In the records below, the lines between the one holding "Decorative Flowers 30" and the one holding "Voyage à moto", inclusive, are to be transcribed exactly; no pictures are to be included.

DATASET
::::::::

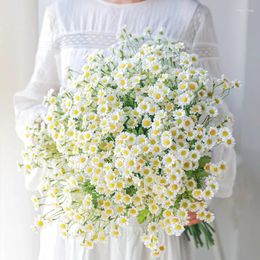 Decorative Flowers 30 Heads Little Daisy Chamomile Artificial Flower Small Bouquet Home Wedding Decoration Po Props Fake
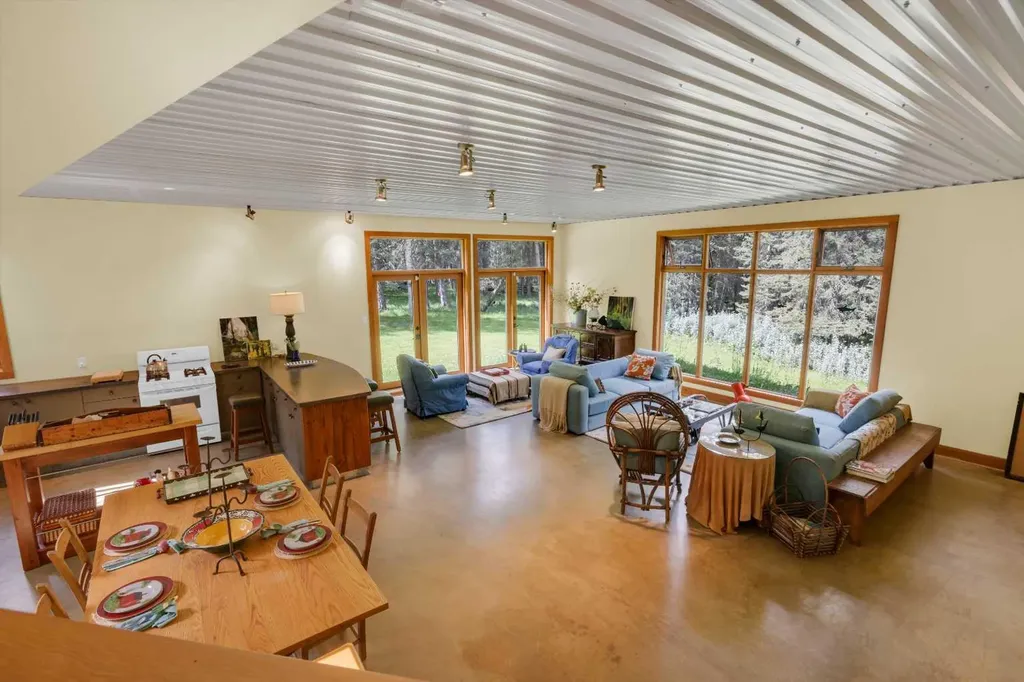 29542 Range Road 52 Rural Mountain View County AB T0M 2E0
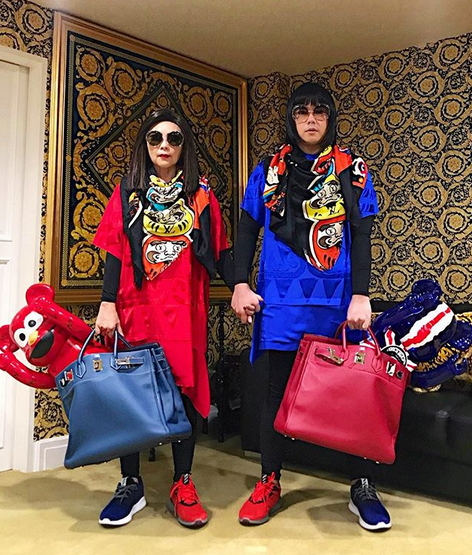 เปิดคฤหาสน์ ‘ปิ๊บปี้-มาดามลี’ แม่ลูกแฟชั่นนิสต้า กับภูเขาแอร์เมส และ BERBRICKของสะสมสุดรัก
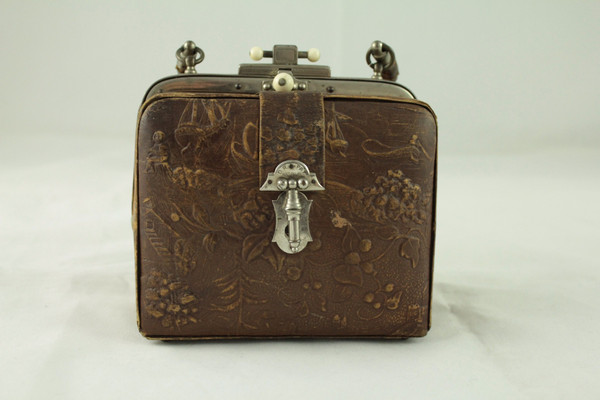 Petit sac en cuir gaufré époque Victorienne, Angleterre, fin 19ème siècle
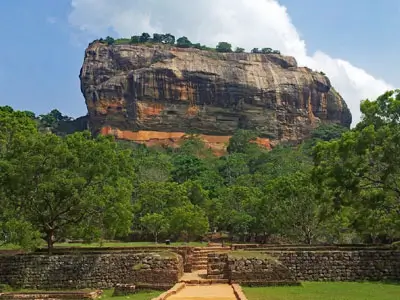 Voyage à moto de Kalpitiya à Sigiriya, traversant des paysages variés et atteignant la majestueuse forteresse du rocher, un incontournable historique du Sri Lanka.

::::::::

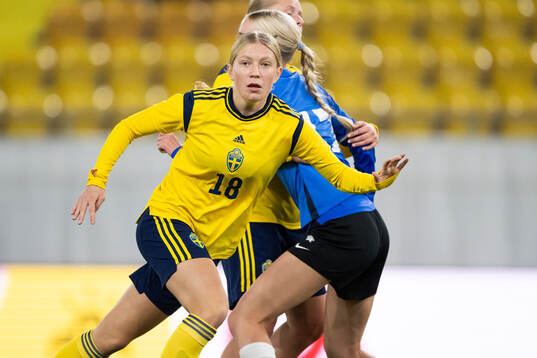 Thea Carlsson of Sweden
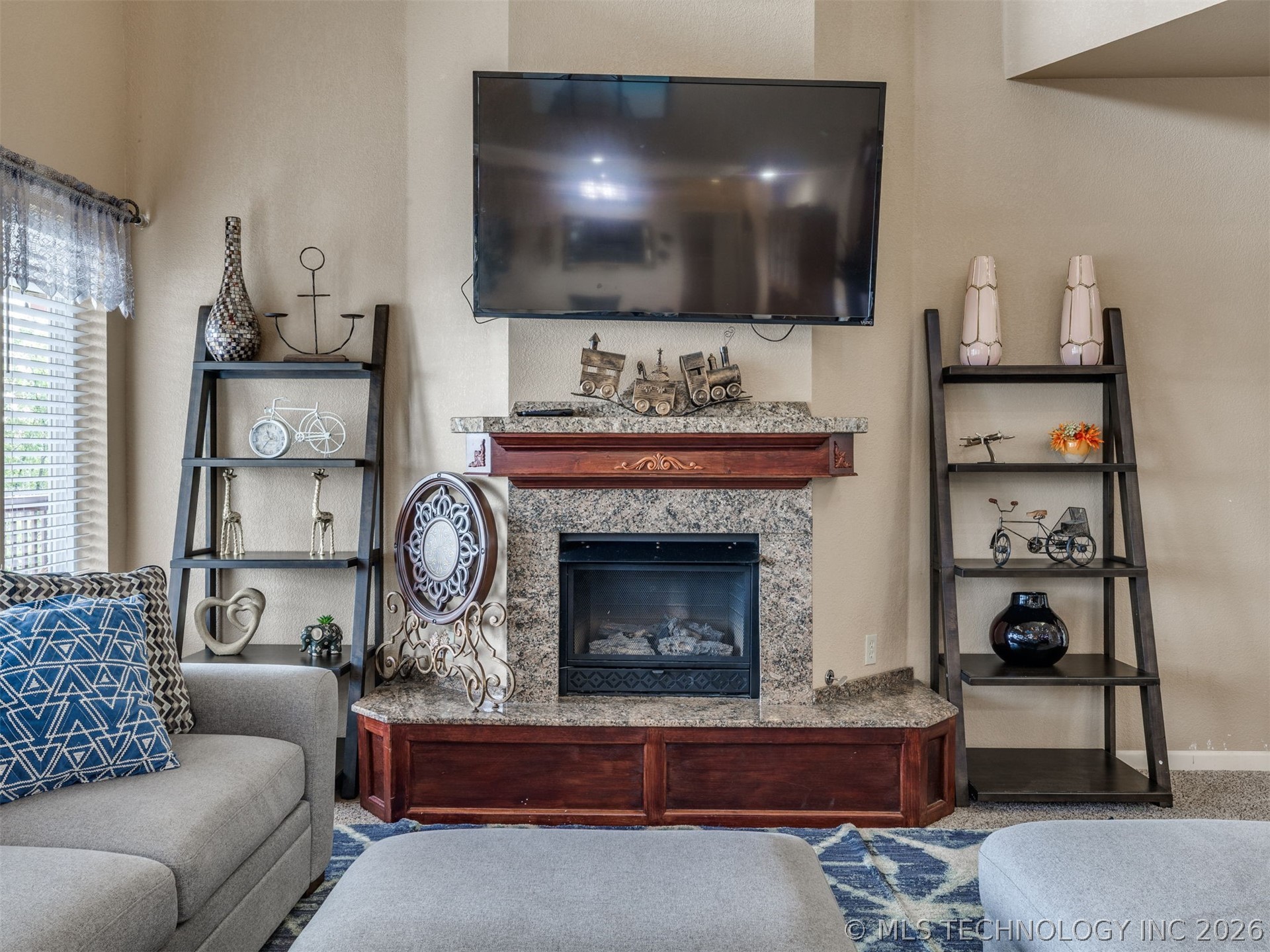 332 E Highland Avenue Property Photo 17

::::::::

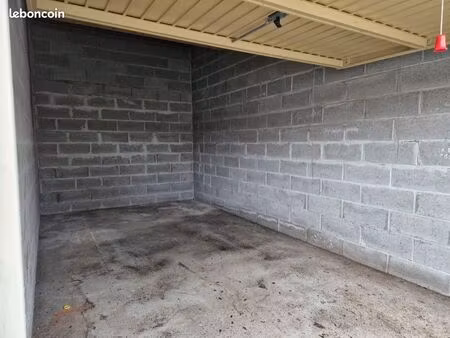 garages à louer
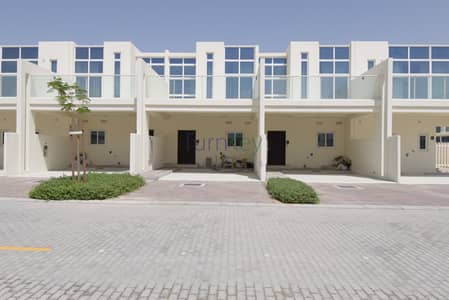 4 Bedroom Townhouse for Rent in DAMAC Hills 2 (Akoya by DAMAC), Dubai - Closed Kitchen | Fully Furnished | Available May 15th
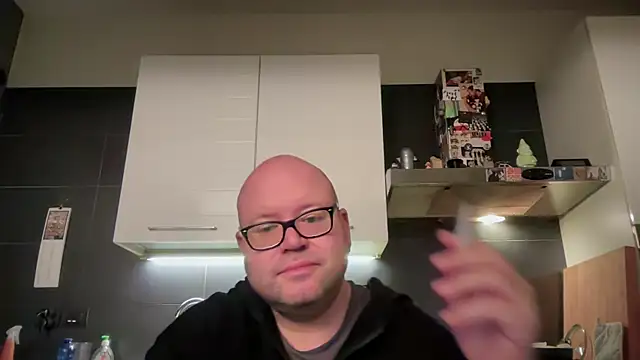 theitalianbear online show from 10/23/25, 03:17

::::::::

FINISHED EXERCISE
 Decorative Flowers 30 Heads Little Daisy Chamomile Artificial Flower Small Bouquet Home Wedding Decoration Po Props Fake
 29542 Range Road 52 Rural Mountain View County AB T0M 2E0
 เปิดคฤหาสน์ ‘ปิ๊บปี้-มาดามลี’ แม่ลูกแฟชั่นนิสต้า กับภูเขาแอร์เมส และ BERBRICKของสะสมสุดรัก
 Petit sac en cuir gaufré époque Victorienne, Angleterre, fin 19ème siècle
 Voyage à moto de Kalpitiya à Sigiriya, traversant des paysages variés et atteignant la majestueuse forteresse du rocher, un incontournable historique du Sri Lanka.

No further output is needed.